I just found this light and i am wondering why it is so cheap? The tank is 72in long, so would two of these work? IF not can someone please direct to a better light.

http://www.aquatraders.com/aquatraders/pro...&products_id=34


----------



## Gumby (Aug 13, 2004)

Those are awesome lights. I have 2 of them on my 125. I have no clue why those are so cheap though. I'd say order from them and give it a try, but see if anyone else can vouch for them before you buy from there.

Just as a note, you'll want to replace all 4 of the bulbs if you want to grow plants. The spectrum of the included bulbs is for a reef tank, not a planted tank. Replace them with 55w 6,700K bulbs if you want to grow plants. Make sure you get the stright pin bulbs, not the square pin euro style bulbs(thats what my Jebo fixtures use, at least).


----------



## theycallmevirg (Aug 16, 2004)

thanks!









So would these bulbs be good to replace it with.......http://www.bigalsonline.com/catalog/product.xml?product_id=23399;category_id=1845;pcid1=1843;pcid2=

and just curious....what happens if i keep the same bulb in it that come with it?? Is there something wrong with it?


----------



## Husky_Jim (May 26, 2003)

Yes they seem to be a great deal for that money!









You can change 1 bulb in each, with the one you posted.It would be better for your plants....

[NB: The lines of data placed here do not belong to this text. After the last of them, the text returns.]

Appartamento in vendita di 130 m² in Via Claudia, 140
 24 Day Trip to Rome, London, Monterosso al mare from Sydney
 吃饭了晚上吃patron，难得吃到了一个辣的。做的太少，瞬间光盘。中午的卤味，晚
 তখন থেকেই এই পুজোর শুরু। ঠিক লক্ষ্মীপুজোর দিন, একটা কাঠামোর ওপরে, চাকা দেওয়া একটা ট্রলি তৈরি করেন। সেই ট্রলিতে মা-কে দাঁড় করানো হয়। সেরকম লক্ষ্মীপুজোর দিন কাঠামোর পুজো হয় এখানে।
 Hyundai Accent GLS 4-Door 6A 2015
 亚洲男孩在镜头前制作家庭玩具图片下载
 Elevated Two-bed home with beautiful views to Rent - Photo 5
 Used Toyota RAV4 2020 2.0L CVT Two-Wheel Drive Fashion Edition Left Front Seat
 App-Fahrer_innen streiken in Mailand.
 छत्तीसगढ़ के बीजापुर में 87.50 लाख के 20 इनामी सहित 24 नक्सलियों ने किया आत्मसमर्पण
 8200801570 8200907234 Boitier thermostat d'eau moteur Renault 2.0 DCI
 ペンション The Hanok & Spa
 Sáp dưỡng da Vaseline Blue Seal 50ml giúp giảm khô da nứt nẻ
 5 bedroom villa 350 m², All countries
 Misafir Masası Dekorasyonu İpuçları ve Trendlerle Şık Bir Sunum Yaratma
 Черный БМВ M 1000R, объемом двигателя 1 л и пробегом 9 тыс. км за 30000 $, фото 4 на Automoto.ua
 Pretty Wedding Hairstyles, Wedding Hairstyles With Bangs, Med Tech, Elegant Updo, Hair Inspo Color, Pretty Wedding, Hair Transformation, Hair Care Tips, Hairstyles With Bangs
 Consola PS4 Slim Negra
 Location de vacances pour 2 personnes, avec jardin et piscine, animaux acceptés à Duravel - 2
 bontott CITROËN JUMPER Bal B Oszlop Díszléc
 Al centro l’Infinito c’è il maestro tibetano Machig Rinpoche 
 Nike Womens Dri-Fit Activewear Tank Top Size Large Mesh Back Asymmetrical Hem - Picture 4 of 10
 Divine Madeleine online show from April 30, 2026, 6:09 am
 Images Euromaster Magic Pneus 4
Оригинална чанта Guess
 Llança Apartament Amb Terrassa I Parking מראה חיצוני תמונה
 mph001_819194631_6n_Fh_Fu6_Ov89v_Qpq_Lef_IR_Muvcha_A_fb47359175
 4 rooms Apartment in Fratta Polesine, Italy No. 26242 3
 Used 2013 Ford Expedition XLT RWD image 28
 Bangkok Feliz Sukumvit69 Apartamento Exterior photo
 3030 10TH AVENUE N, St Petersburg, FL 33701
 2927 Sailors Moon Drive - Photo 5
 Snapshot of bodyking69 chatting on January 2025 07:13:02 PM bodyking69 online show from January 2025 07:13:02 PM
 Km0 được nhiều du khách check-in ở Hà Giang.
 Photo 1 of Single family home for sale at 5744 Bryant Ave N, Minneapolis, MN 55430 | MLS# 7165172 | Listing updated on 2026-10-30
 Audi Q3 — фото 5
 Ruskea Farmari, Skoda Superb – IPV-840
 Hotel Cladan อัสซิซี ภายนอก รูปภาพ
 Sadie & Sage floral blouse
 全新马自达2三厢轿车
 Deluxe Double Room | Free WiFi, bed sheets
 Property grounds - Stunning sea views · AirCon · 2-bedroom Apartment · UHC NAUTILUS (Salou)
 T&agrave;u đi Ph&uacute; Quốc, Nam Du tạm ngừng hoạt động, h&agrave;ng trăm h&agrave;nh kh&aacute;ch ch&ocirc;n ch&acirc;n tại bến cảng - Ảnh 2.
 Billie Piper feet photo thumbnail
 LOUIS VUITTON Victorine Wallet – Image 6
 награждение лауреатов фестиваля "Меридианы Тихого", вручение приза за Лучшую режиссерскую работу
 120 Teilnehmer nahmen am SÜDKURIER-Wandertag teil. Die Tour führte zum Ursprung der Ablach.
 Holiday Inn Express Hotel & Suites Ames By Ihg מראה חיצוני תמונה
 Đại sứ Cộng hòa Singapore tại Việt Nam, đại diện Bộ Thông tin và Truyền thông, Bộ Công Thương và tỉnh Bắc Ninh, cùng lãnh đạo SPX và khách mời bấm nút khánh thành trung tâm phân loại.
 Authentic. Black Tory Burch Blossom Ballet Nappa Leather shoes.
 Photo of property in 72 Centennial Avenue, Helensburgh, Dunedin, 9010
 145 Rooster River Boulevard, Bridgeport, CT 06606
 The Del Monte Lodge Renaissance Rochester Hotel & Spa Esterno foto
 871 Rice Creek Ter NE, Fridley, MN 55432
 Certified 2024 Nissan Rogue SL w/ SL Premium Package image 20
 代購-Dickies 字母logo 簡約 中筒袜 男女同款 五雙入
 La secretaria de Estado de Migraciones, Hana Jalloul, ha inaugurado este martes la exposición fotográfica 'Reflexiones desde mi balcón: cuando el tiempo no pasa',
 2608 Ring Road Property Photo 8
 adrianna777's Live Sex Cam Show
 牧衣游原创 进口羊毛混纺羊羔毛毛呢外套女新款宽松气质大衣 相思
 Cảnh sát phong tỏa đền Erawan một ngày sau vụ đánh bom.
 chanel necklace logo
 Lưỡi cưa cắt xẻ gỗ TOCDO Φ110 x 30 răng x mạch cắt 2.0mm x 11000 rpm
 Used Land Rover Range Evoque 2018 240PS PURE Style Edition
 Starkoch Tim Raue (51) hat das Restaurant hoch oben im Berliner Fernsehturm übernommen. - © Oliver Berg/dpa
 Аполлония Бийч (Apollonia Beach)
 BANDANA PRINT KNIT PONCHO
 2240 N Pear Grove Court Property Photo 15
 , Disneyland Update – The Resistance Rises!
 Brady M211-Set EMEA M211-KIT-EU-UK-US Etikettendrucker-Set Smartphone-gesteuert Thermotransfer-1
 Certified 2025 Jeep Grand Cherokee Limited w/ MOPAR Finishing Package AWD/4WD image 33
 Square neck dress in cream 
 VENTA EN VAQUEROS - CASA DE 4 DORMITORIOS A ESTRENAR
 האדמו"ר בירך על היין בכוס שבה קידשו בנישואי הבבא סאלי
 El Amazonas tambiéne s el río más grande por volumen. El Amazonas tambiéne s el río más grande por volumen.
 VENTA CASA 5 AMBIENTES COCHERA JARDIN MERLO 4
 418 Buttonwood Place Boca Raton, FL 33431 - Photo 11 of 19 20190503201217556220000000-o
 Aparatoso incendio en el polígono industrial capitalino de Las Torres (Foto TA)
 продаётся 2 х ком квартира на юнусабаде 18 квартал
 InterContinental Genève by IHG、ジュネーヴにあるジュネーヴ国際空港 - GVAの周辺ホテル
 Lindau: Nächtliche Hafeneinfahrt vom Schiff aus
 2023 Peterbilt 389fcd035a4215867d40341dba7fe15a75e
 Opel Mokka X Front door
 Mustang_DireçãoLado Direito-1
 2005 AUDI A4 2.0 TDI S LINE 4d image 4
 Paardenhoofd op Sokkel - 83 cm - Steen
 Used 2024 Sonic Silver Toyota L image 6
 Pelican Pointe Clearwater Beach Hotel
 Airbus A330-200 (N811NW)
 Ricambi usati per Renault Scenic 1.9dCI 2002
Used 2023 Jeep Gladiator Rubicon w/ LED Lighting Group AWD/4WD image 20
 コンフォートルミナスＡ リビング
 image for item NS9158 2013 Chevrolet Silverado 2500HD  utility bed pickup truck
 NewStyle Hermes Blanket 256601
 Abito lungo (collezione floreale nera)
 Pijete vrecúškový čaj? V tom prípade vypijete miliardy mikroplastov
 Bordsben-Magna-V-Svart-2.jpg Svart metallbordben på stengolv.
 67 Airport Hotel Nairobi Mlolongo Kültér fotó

p.s. What plants are you gona get?


----------



## hellraiser7821 (Jul 3, 2004)

why is everything so cheap?? a 295gph cannister filter that loks like a ehiem 50 bucks?


----------



## bobme (Feb 17, 2003)

are you talking about the prices online Vs your local fish store?


----------



## theycallmevirg (Aug 16, 2004)

im talking about prices period. From what i heard those lights are great too....


----------



## acidWarp (Jun 30, 2003)

Has anyone ordered from these guys before? The prices seem really good, maybe a little too good








Let me know if you order and everything works out please.


----------



## theycallmevirg (Aug 16, 2004)

ok, I just bought the lights and they arrived here today. They came perfect. There were no issues at all.


----------



## acidWarp (Jun 30, 2003)

theycallmevirg said:


> ok, I just bought the lights and they arrived here today. They came perfect. There were no issues at all.
> [snapback]846086[/snapback]​


Awesome, I think I may pick one of those lights up myself


----------



## Death in #'s (Apr 29, 2003)

theycallmevirg said:


> ok, I just bought the lights and they arrived here today. They came perfect. There were no issues at all.
> [snapback]846086[/snapback]​










cool

now get pics of the tank with the new lighting


----------



## theycallmevirg (Aug 16, 2004)

Death in # said:


> cool
> now get pics of the tank with the new lighting
> 
> 
> ...


I'll have some up for tomarrow. It looks awesome!


----------



## theycallmevirg (Aug 16, 2004)

pics are up in the pic and vid section


----------